La musculation est très efficace dans la perte de poids. “Avec la musculation, on augmente la masse musculaire et donc le métabolisme. Ce qui veut dire que, même au repos, on consommera plus de calories.” Ce qui est parfait dans une démarche de maîtrise du poids.
Il y a des différences d’âge : “quand on arrête la cigarette à trente ans, un coach vous accompagnera dans votre avancement sur la pratique sportive. Mais si on arrête à cinquante ou soixante ans, la problématique est différente, on est plus prisonnier de ses habitudes. Le travail du coach sera alors plus un travail sur le mental, pour vous aider à vous ouvrir à des changements d’habitude.”

Thierry Tsagalos est formel : “Arrêter de fumer, c’est le plus beau cadeau que vous puissiez vous faire. C’est un cadeau pour votre santé, c’est un cadeau financier.”

Toubib or not toubib

Bon, d’accord, mais est-ce que tout cet exercice physique n’est pas dangereux ? Ne risque-t-on pas de s’écrouler raide mort ? Bref, faut-il un avis médical ?

“Quand vous arrêtez de fumer, en dessous d’un certain âge, les médecins ne vont pas vous faire faire un bilan complet, du moins, c’est très rare, précise Thierry Tsagalos. Mais une consultation chez votre médecin généraliste n’est jamais inutile si ça vous rassure. Ceci dit, des coachs font des bilans pour mesurer certains paramètres. Taux de masse musculaire, de masse grasse, on a même des appareils qui mesurent la santé cellulaire. Ce sont des résultats fiables, qu’on peut envoyer aux médecins si besoin.”

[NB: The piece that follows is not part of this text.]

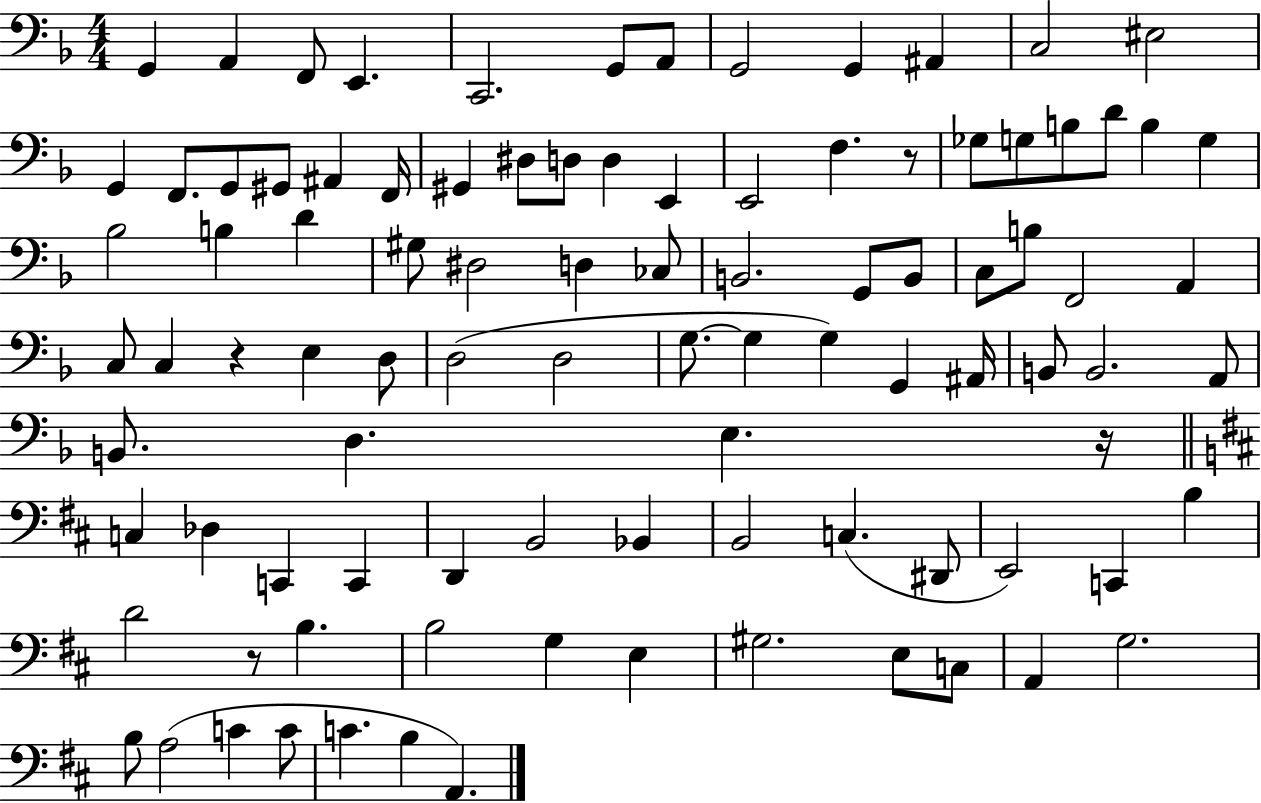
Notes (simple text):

G2/q A2/q F2/e E2/q. C2/h. G2/e A2/e G2/h G2/q A#2/q C3/h EIS3/h G2/q F2/e. G2/e G#2/e A#2/q F2/s G#2/q D#3/e D3/e D3/q E2/q E2/h F3/q. R/e Gb3/e G3/e B3/e D4/e B3/q G3/q Bb3/h B3/q D4/q G#3/e D#3/h D3/q CES3/e B2/h. G2/e B2/e C3/e B3/e F2/h A2/q C3/e C3/q R/q E3/q D3/e D3/h D3/h G3/e. G3/q G3/q G2/q A#2/s B2/e B2/h. A2/e B2/e. D3/q. E3/q. R/s C3/q Db3/q C2/q C2/q D2/q B2/h Bb2/q B2/h C3/q. D#2/e E2/h C2/q B3/q D4/h R/e B3/q. B3/h G3/q E3/q G#3/h. E3/e C3/e A2/q G3/h. B3/e A3/h C4/q C4/e C4/q. B3/q A2/q.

Donc, les coachs savent ce qu’ils font. “C’est un métier, en France, on ne peut pas exercer sans diplômes ni carte professionnelle. Elle est digitalisée aujourd’hui, donc ne vous attendez pas à voir un coach la sortir de sa poche, en revanche, vous pouvez la demander avant de décider quoi que ce soit. Moi, je suis diplômé du CREPS de Montpellier, puis j’ai fait une autre formation au CREPS de Mâcon (NDLR : le diplôme a changé de nom aujourd’hui).”

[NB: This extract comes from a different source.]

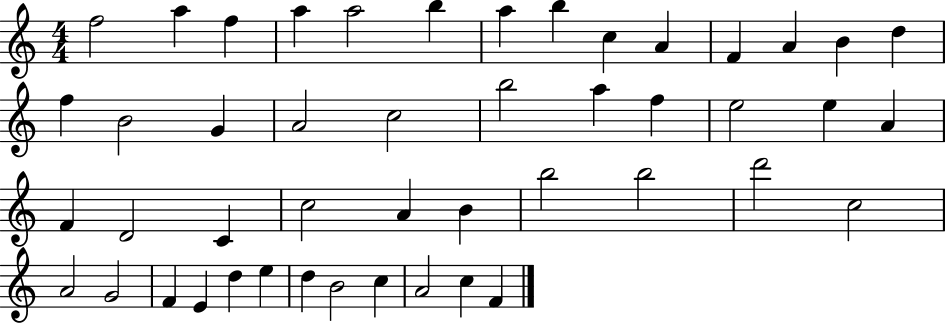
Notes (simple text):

F5/h A5/q F5/q A5/q A5/h B5/q A5/q B5/q C5/q A4/q F4/q A4/q B4/q D5/q F5/q B4/h G4/q A4/h C5/h B5/h A5/q F5/q E5/h E5/q A4/q F4/q D4/h C4/q C5/h A4/q B4/q B5/h B5/h D6/h C5/h A4/h G4/h F4/q E4/q D5/q E5/q D5/q B4/h C5/q A4/h C5/q F4/q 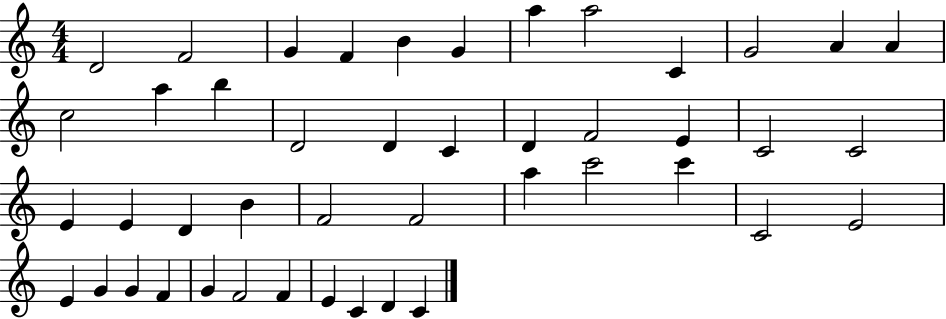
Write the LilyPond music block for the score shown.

De la même manière, tous les coachs sportifs, que ce soit à domicile ou en club, sont diplômés et ont une carte professionnelle. “Les coachs sportifs dans les clubs sont partenaires du club, mais ce sont des professionnels indépendants”, souligne Thierry Tsagalos.

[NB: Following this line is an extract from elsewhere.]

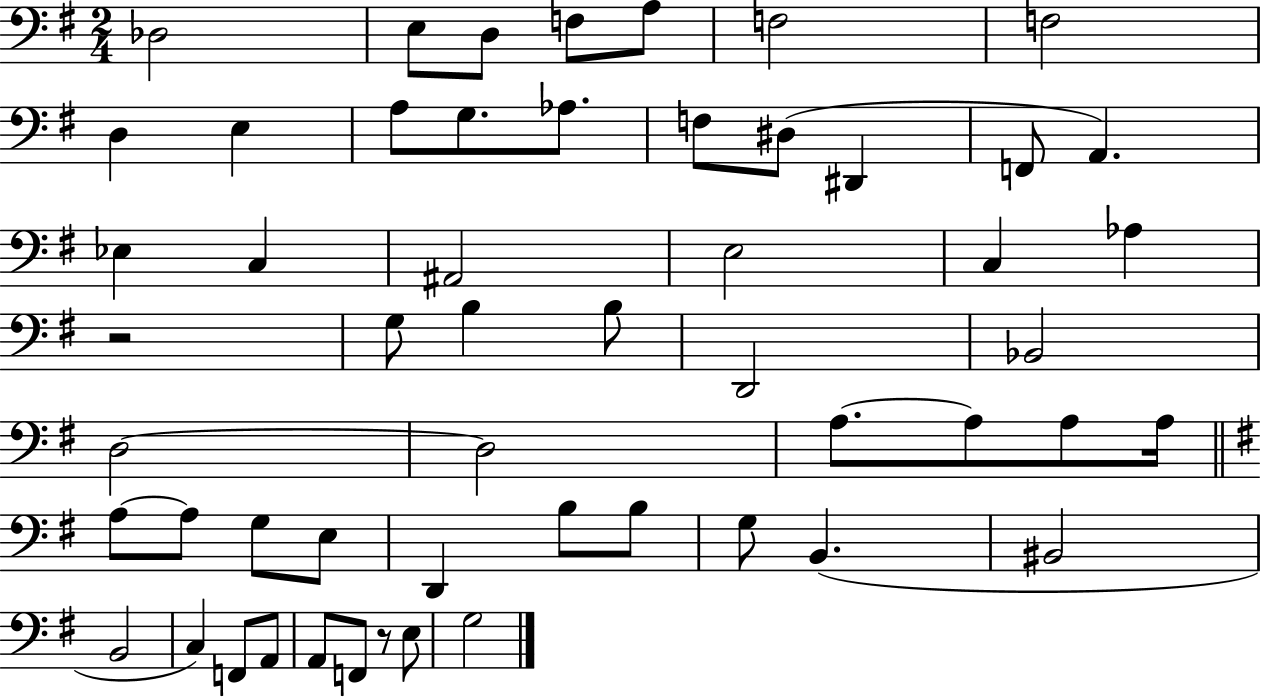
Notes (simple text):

Parlons bien, parlons budget. “Pour un cours en salle, le prix moyen, c’est 50 euros, entre 45 et 60 euros. En coaching à distance, c’est entre 170 et 600 euros le trimestre. Et à domicile, il y a une particularité, c’est que 50 % sont récupérables en déduction d’impôt ou en crédit d’impôt, comme tout emploi à domicile.”

Et donc, le coaching à distance, ça marche ? “Oui, parce que l’essentiel est l’accompagnement, quelqu’un avec qui on peut discuter régulièrement. Pour travailler à domicile, rien n’est plus efficace que les basiques poids et haltères.”

Dernier conseil de Thierry : “Oubliez les gourdes, prenez des bouteilles d’eau classiques. Une gourde, si elle ne passe pas régulièrement au lave-vaisselle, les bactéries vont s’y installer, alors qu’une bouteille d’eau, vous en changez régulièrement.”

Courir permet aussi de fuir

Reste à aborder un sujet : l’algorithme de publicités. Rien d’étonnant à le trouver ici : il peut, selon votre profil, vous bombarder de publicités pour des instruments de musculation, ou des applis de taïchi. Sur les appareils de musculation, ce que nous avons constaté, c’est que, bien souvent, ils sont plus chers que dans les magasins de sport, même en physique, sans les conseils du vendeur.

Quant aux applications de taïchi, celles où un “maître” avec une tête de sage asiatique caricatural sur un corps à faire pâlir le Schwarzenneger de Conan le barbare garanti pure IA cherche à vous vendre une application, des coachs professionnels sur un fil de discussion m’ont tous affirmé la même chose : “Ce sont des escrocs sans foi ni loi.” Voilà qui est simple. Comme on vous l’a dit : demandez la carte professionnelle avant de sortir votre argent.

Le sport, terme finalement très vaste qui va du haut niveau à des exercices simples de maintien en forme, s’avère utile, et même indispensable si vous voulez optimiser un parcours de santé dont l’arrêt du tabac ne serait, au final, qu’une ligne de départ.

À condition de ne pas vous décourager. Pour ça, il y a des professionnels, des clubs, des associations ou juste des amis. Pas encore de Vaping Sport, mais qui sait, si vous êtes assez nombreux à le demander, on pourra y réfléchir.